Zurich, Switzerland—A new report from global consultancy McKinsey &Co., in collaboration with New Jersey-based The Business of Fashion, has identified six seismic shifts that will impact luxury jewelry and watch retailing in the next five years. Image: a 3.89-ct fancy yellow pear shape diamond with 0.22 ctw round white melee, $82,990, from Rahaminov.

Between now and 2025, McKinsey expects the global jewelry and watch industries to grow 3-4% per year (fine jewelry) and 1-3% per year (premium to ultra-luxury watches), from approximately $49 billion in retail value in 2019 to a projected $52-$59 billion by 2025.

McKinsey has identified six major shifts—three each in jewelry and watches—that will greatly impact the retail market in the next few years. For luxury fine jewelry retail, they are:

1. Online. Online fine jewelry sales are projected to account for between 18% and 21% of total sales by 2025, up from 13% in 2019, says the report. The challenge of replicating the in-person experience online slowed the category’s digital growth but that’s starting to change. McKinsey says the onus is on brands and retailers to create compelling propositions that connect the human with the digital screen. Meanwhile, auction houses like Christie’s are competing for customers they’ve never had before and encroaching on independent jewelers' turf.

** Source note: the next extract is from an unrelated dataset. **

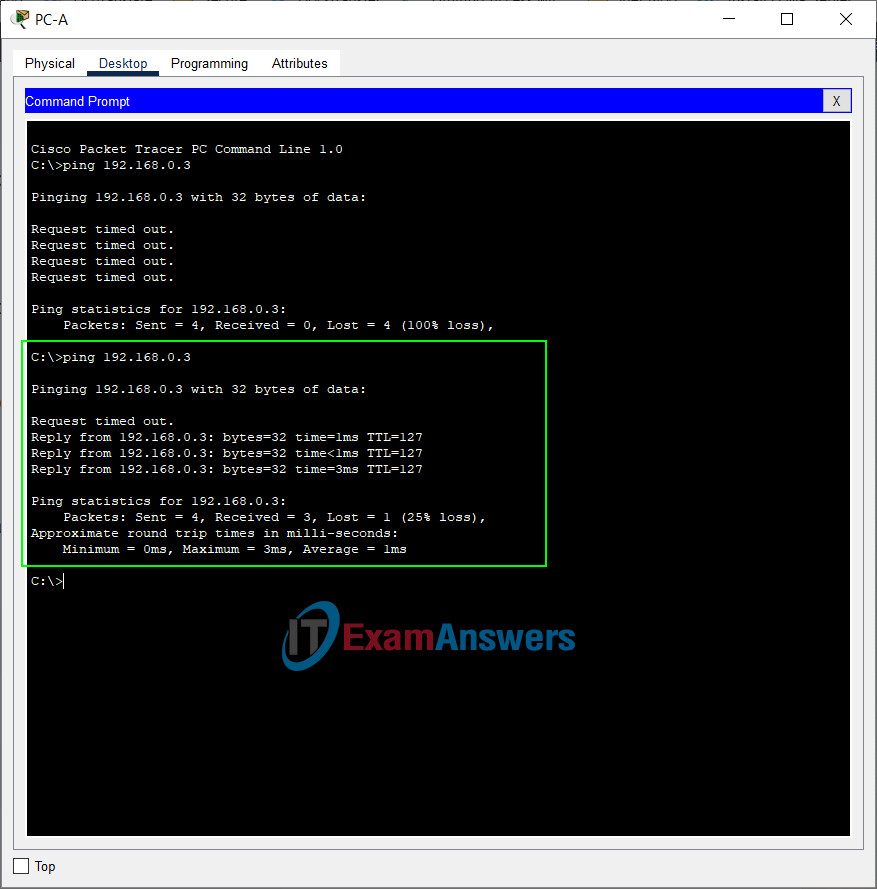 10.4.4 Lab - Build a Switch and Router Network (Answers) 16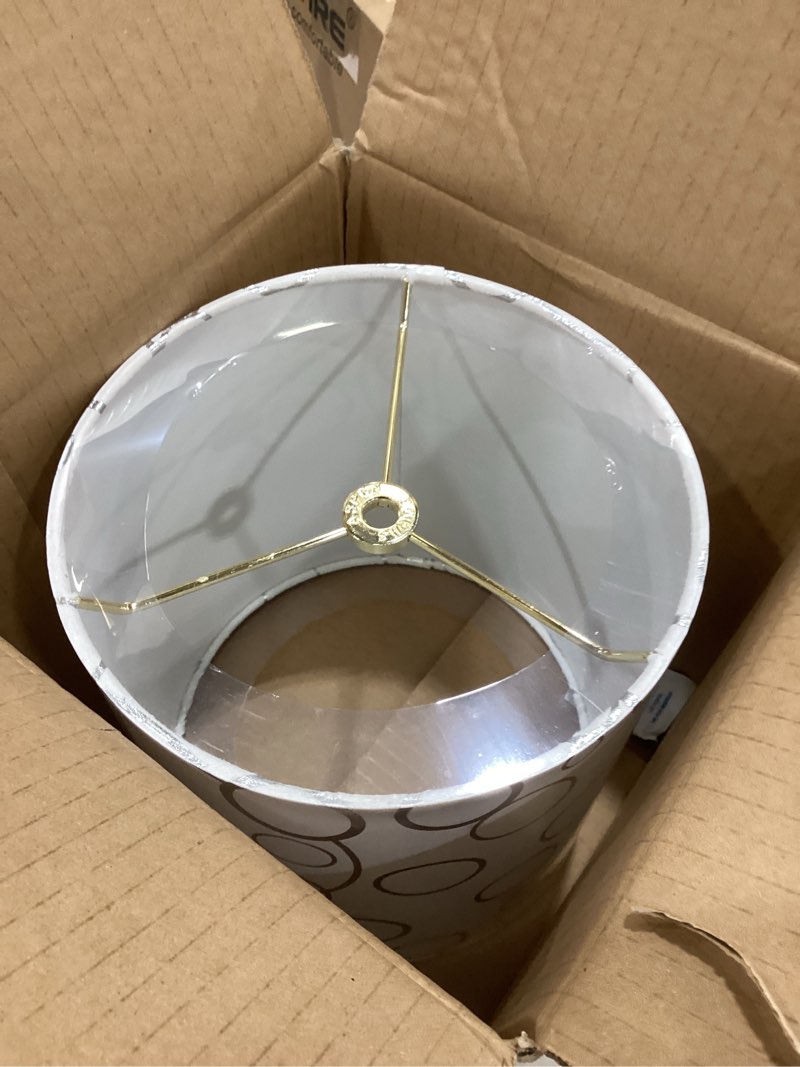 Condition photo showing Good Condition for Aspen Creative 31234A, Transitional Drum (Cylinder) Shape Spider Construction Lamp Shade in White, 8" wide (8" x 8" x 8")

2. Brands. Despite the prominence of iconic brands, McKinsey says branded jewelry currently only accounts for 20% of total fine jewelry market revenue. But brands are on the rise and their share of market should reach 25-30% percent by 2025, or about $80-$100 billion in sales. Michael Burke, chairman and chief executive of Louis Vuitton, told McKinsey that fine jewelry is one of—if not the—highest-growth categories the conglomerate has.

3. Sustainability. By 2025, an estimated 20-30% percent of global jewelry sales will be influenced by sustainability-minded consumers and it’s going to be important to win the trust of younger consumers, says McKinsey. 

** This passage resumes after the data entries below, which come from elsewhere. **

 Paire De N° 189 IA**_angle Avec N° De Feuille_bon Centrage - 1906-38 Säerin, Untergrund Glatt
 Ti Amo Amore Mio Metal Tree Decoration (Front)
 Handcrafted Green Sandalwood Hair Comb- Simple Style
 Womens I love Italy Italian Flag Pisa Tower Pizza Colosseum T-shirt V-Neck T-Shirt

For luxury watch retail, the shifts are:

1. Direct-to-consumer (DTC). Brick and mortar retail has been the lifeblood of luxury watches, with multi-brand retailers (i.e. jewelers) owning the customer relationship. But as consumers demand to interact more directly with brands and expect better online shopping opportunities—and brands aim for higher margins—watchmakers will grow their DTC channels from about one fifth (20%) of the market to almost one-third (30%) by 2025, with $2.4 billion in annual revenues shifting from retailers to brands, says the report.

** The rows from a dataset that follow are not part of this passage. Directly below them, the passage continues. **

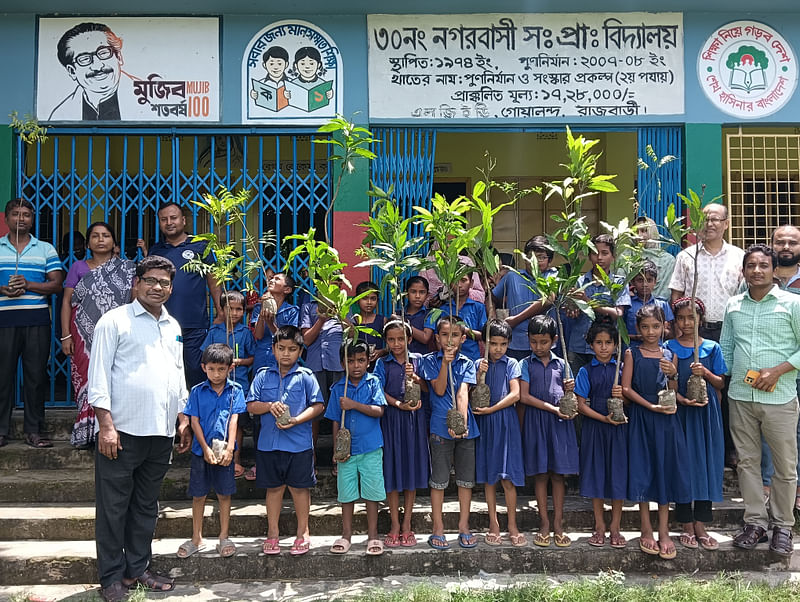 রাজবাড়ীতে ফলদ, বনজ ও ঔষধি গাছের চারা রোপণের পাশাপাশি শিক্ষার্থীদের মধ্যে বিতরণও করা হয়। গতকাল গোয়ালন্দ উপজেলার নগরবাসী সরকারি প্রাথমিক বিদ্যালয়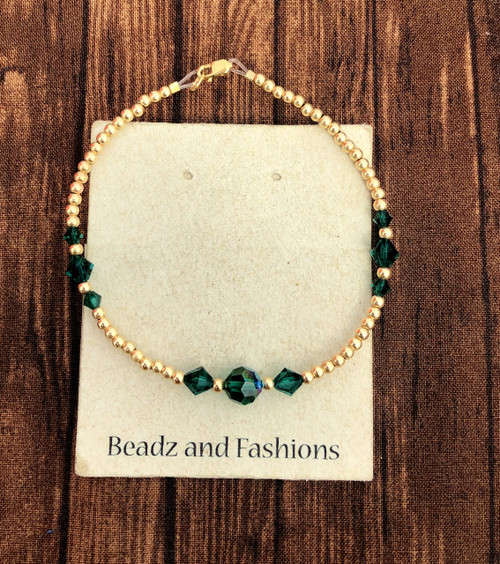 14k gold May Round crystals Anklet #1.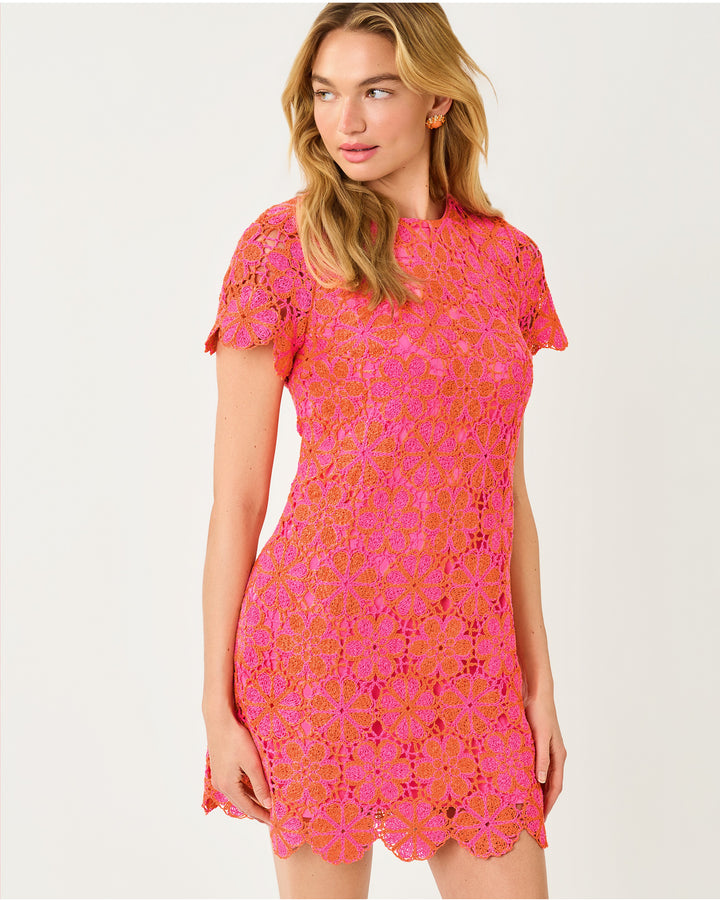 Cortney Crochet Shift Dress - Cherry Blossom Pink x Sunset Orange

2. Secondhand. Sales of pre-owned watches are expected to become the industry’s fastest-growing segment, rocketing from $18 billion in 2019 to $29-32 billion annually in 2025.

Related: Pre-Owned Jewelry Leads Secondhand Luxury Goods Market

3. Midmarket squeeze. The traditional watch midmarket is under rising pressure from fashion brands, smart watches, and customers “trading up” into the luxury segment. Absent revitalization, McKinsey expects traditional midmarket watch brands could decline by $2.5 billion in revenues by 2025.